新人が語る心に残る看護場面

2020.10.12 名前

入職して2か月目頃のことでした。入院が長くなっていたAさんがいました。もちろん私のことを「新人」とわかっています。私がAさんと接するときには「お前じゃだめだ。何にもできねぇんだから、先輩を呼んで来い。先輩を。」と、いつも言われていました。私は私なりに、日々その人の疾患を勉強しケアの順序を工夫しながら業務を行っていましたが、そのたびに言われ続けていました。次第に私は嫌になり、Aさんの受け持ちの日はAさんと接したくない気持ちが大きく、ストレスとなっていきました。先輩に相談し、Aさんとの接し方やAさんの性格を教えていただき、嫌な気持ちを抑えて積極的にコミュニケーションをとるように努力しました。すると、少しずつではありますがAさんは自分のことを話すようになり、私もAさんに対する嫌な気持ちはなくなっていきました。
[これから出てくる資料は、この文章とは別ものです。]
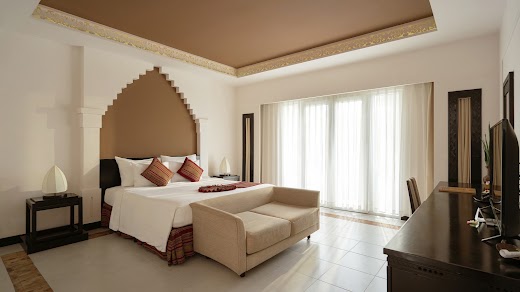 Muine Bay Resort – Phòng Deluxe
そして気が付くと、Aさんと自然に接することができていたのです。Aさんの退院の前日、Aさんから「お前、頑張れ。一番になれ。」と私におっしゃいました。

数カ月後、Aさんが再入院となりました。私が受け持ちになり、挨拶に伺うと「おう、○○(私の名字)か。まだいたのか。頑張ってるな。新人の中で、お前だけ名前覚えたぞ。」と言ってくださいました。その言葉を聞き、私の中で何か込み上げるものがありました。

接するのが嫌だから関わりをやめるのではなく、積極的にコミュニケーションをとり、その人を「知ろう」という態度を示すことの大切さを学びました。